Let's save this, run the program and see what happens:

Well, we didn't see any terribly exciting output, but this is a nice confirmation. The framework of our exploit works. Now it's time to jump back into the fray and indulge in the delicious world of the GNU debugger (GDB).

Step 3: Using GDB to Determine the Size of Our Exploit

The quickest way for us to determine how large our exploit needs to be is by looking at the memory of the program. Let's hop into GDB and take a peak. To do this, we type:

gdb /opt/protostar/bin/stack6

Doing so should result in output that looks similar to the screenshot below.

Once GDB has started up, we need to set a breakpoint. This breakpoint will stop execution at a certain point so that we can identify the values of variables and registers at that instant. Looking back at the source code, line 22 seems like a good candidate. This is because at this point the program has already received and processed the input from the user, but hasn't printed the user input yet. We don't really want to see the user input because once we start inserting memory addresses into our payload, the whole thing will look really messy. For the sake of organization, it makes sense to break before this happens.
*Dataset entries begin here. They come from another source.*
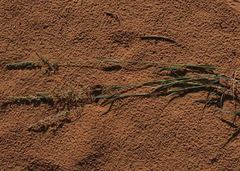 Schmidtia pappophoroides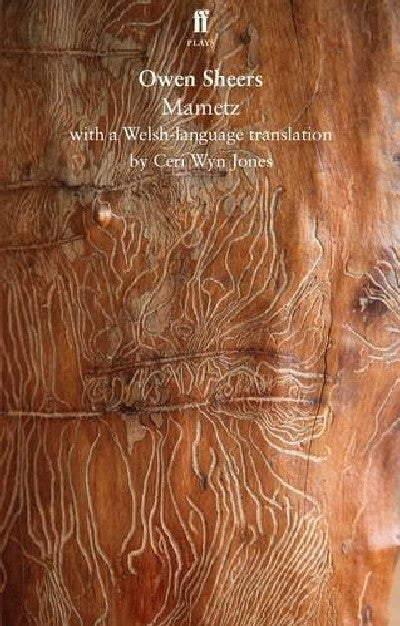 Clawr llyfr / Book cover: Mametz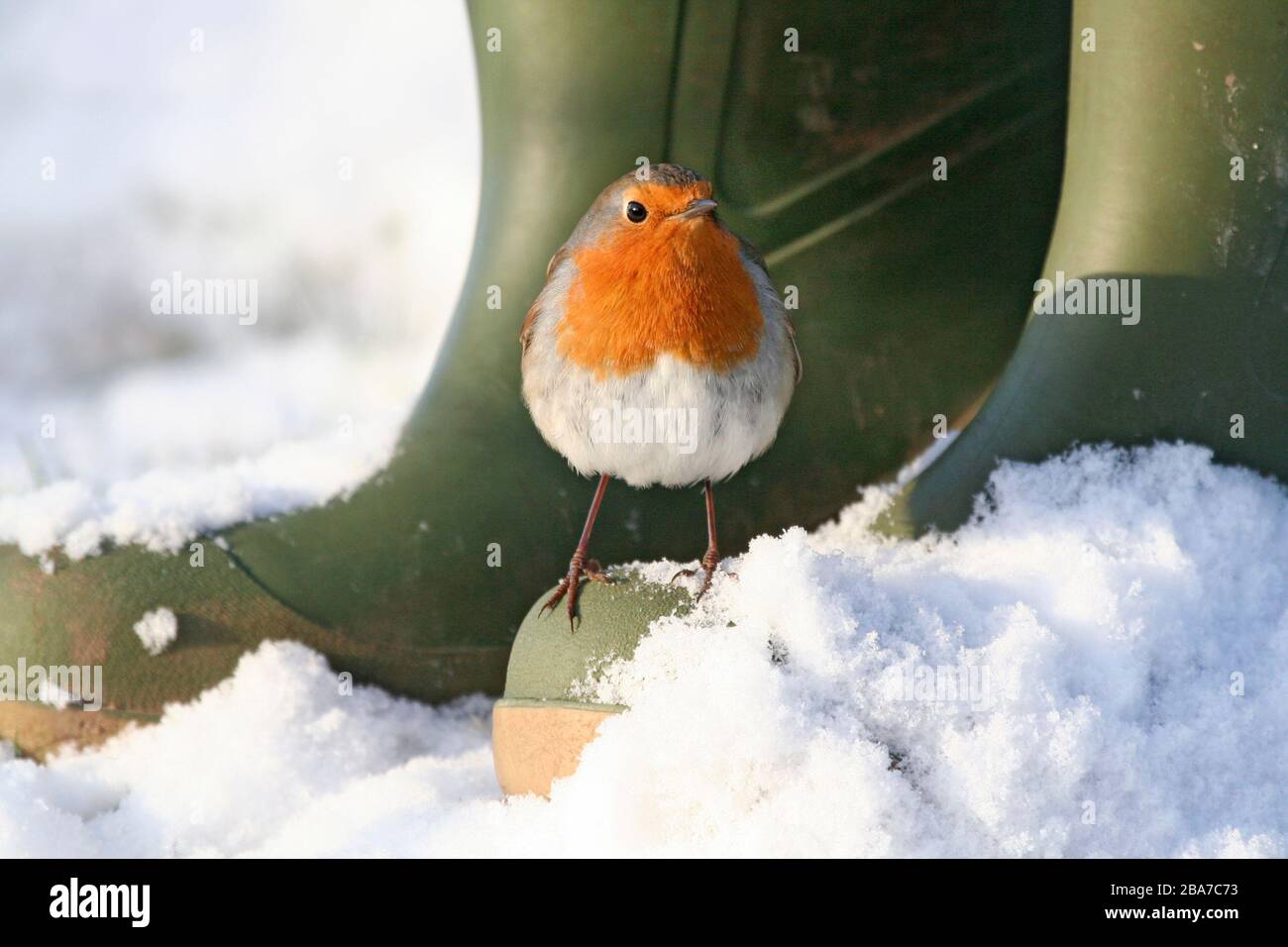 robin (erithacus rubecula) sur les bottes de Wellington dans l'Aberdeenshire neige Banque D'Images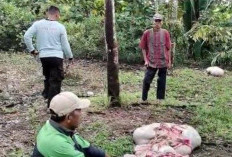 Pencurian Sapi Dengan Modus Potong di Tempat Marak di Banyuasin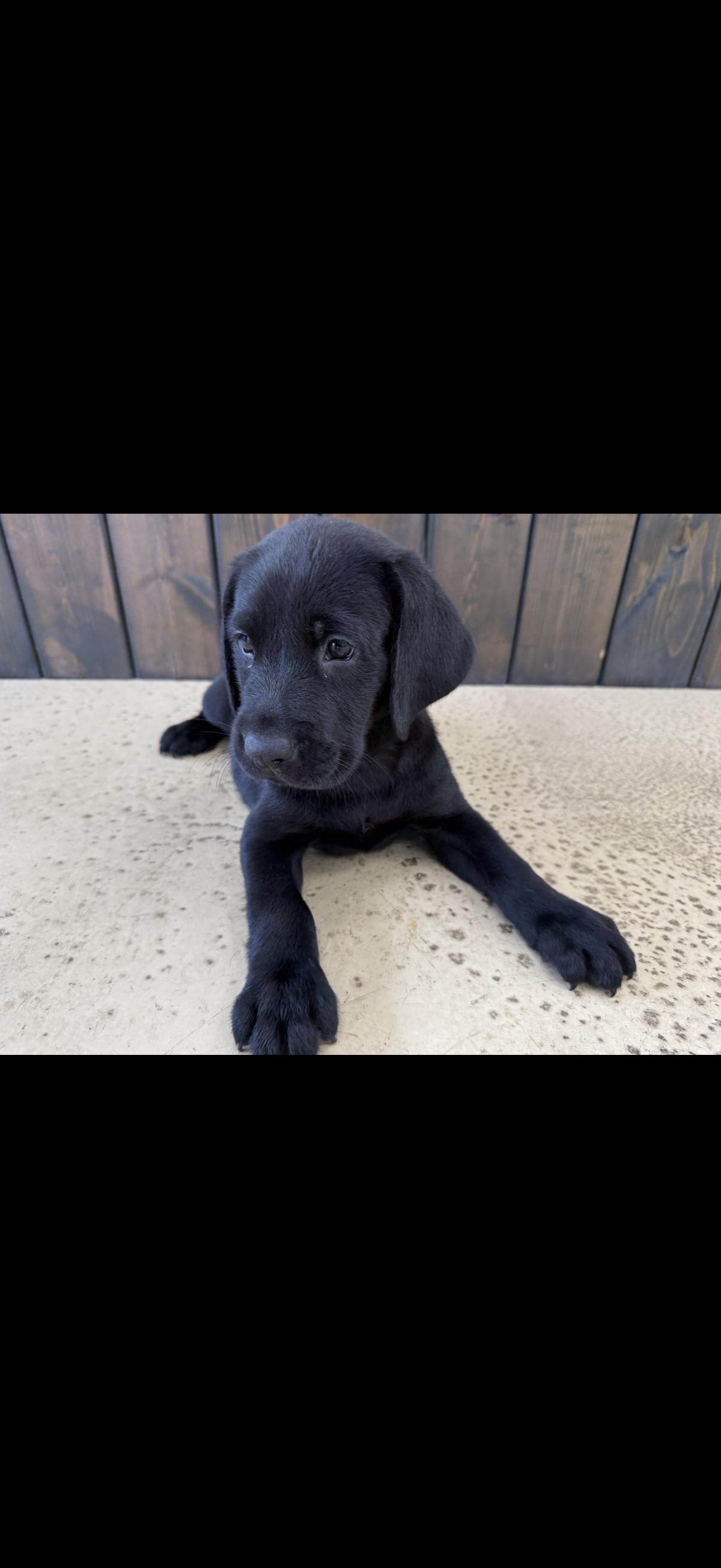 Labrador Retriever Puppy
To set a breakpoint at line 22, we type:

break 22

Pretty simple. Now it's time to run the program. In order to run the program and pass it our current payload from inside GDB, we'll have to type:

run < payload.txt

At this point, our screen should look something like this:

As you can see, we've hit our breakpoint and can begin looking at memory. Specifically, we are going to want to look at the current stack frame. This is where our payload will be, as well as the instruction pointer. In order to do this, we'll type:

x/32x $esp

The first x is short for "examine." This command allows us to examine memory, so the name is fitting. The /32 specifies that we want to examine the next 32 four-byte segments. The final x at the very end tells GDB that we want to view this section of memory in hexadecimal format. The last term, $esp, tells the command to start looking at the memory at the very beginning of the current stack frame.

Let's see what output we get from this command:

Well, would you look at that. ... We've found our A's! They were right where we left them in the stack frame. We can see here that our four A's start at the memory location 0xbffff77c and fill through 0xbffff77f. This is really useful. Now that we know where our payload starts, all we need to do is figure out where the instruction pointer is. Then we will be able to determine how long our payload should be.

This is very trivial for us. In order to locate the instruction pointer, all we have to do is type:

info frame

In addition to giving us information about the instruction pointer, we'll also see other information about the current stack frame with this command. For our purposes, however, this information is extraneous and not needed. Let's take a look at the output we get from this command:

Lo and behold, we have precisely just what we need. By running the info frame command, we can now see that the instruction pointer is located at the memory address 0xbffff7cc (highlighted in red) and contains the address 0x08048505 (highlighted in green). This isn't too far from the start of our payload. In fact, we can figure out just how far apart those two addresses are by typing the following command.

p 0xbffff7cc - 0xbffff77c

Typing this gives us a result of 80. This means we need a total of 80 A's as padding to overflow memory right up to EIP. While 80 A's won't actually overwrite EIP, it will be one byte away from doing so. Let's test that theory.

Step 4: Modifying Our Exploit

We can exit GDB by typing the command quit. Once we've done that, let's hop back into our exploit by typing nano exploit.py. Let's change the value of our padding variable from 4 to 80 and see what the memory looks like in GDB.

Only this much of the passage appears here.